Well it’s a couple of weeks after my first WPP Stream conference and I’ve had a bit of time to reflect on the event so I’m offering up this personal summary.

In many ways Stream was as advertised with a surprise or two. First the accommodations were portrayed as Spartan and lived up (down?) to those expectations. The venue is an aging Club Med on the Aegean so the setting is benevolent while the rooms are a bit rustic. This discourages you from seeking the comfort of your room when fatigue (physical or mental) sets in. As a result, and due to the plentiful activities, distractions, libations and just plain great conversation, the social areas were busy from early to late daily. This helped amplify the biggest reason for hauling my butt halfway around the glob to attend: the people. The attendees were bright and engaged, their backgrounds and aspirations diverse and that resulted in many new connections and many fresh points of view. The event itself is run as an unconference with a host of rather playful interludes mixed in. On arrival we were encouraged to customize our badges and at the risk of having to defend my lousy arts and crafts skills I did so and these badges were colorful and personal markers for the rest of the event. Other distractions included a photo booth sponsored by Yahoo but the big winner was a gaming area dominated by Wii and Xbox, including a contest to win the new Xbox with Kinect.
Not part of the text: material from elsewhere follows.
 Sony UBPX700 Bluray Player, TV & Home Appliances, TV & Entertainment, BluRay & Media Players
I'm a bit of a closet gamer and admit to adding this to my Christmas wish list this year.

The general format was driven by discussion leaders populating a schedule white board on with your fave topics. You simply then went to the discussion (1 hour format) that met your fancy. Feedback from others and my own experiences were that the discussions themselves proved to be a bit spotty. Despite precautions some were a bit dominated by solutions vendors which trended towards the edu-torial form. Another I attended seemed to steer the discussion towards some housekeeping issues among the WPP vendors themselves – how to collaborate more effectively. At any rate many of the discussions I attended were lively and thought provoking but this format could use a bit of updating; perhaps some crowdsourced focus areas set in advance as the spontaneous nature of the topic-setting seemed to result in some sketchy results though overall it seemed to work.
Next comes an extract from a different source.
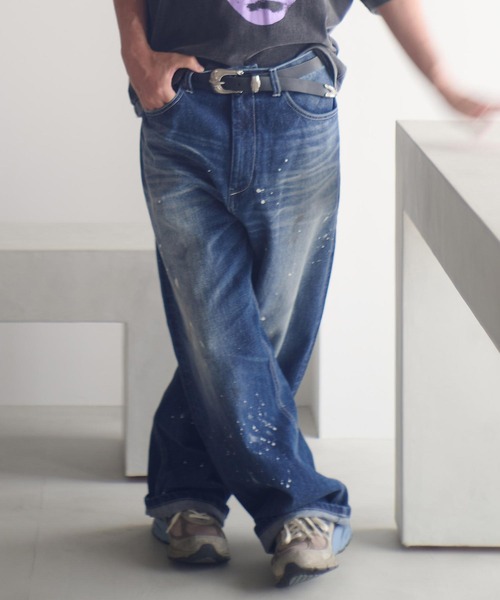 ADAM PATEK(アダムパテック)の「mp14098-washed riot nep selvedge denim デニムパンツ(AP2528016)(デニムパンツ・メンズ・ブルー・1/2/3)」の2枚目の写真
The highlight (again, I’m told) was Sir Martin Sorrel’s insights and reflections on topics ranging from the future (and past) of WPP to global economics and the future winners and losers in the global leadership space where he spoke repeatedly about how well China is positioning itself.

The biggest shortcoming of the event was the lack of reliable internet connections which puts the future of cloud computing in question in my mind. The inability to connect with my office to send files or use a corporate system was a material challenge for me and I spent a couple of hours in aggregate waiting… and waiting… for my VPN to connect, most frequently giving up and settling for whatever goodness my Blackberry could deliver. While one could argue that a high performing Web connection might have drawn eyes and ears from the sessions, in fact the time wasted for the handful of critical business issues I needed to attend to was a real distraction and frustration.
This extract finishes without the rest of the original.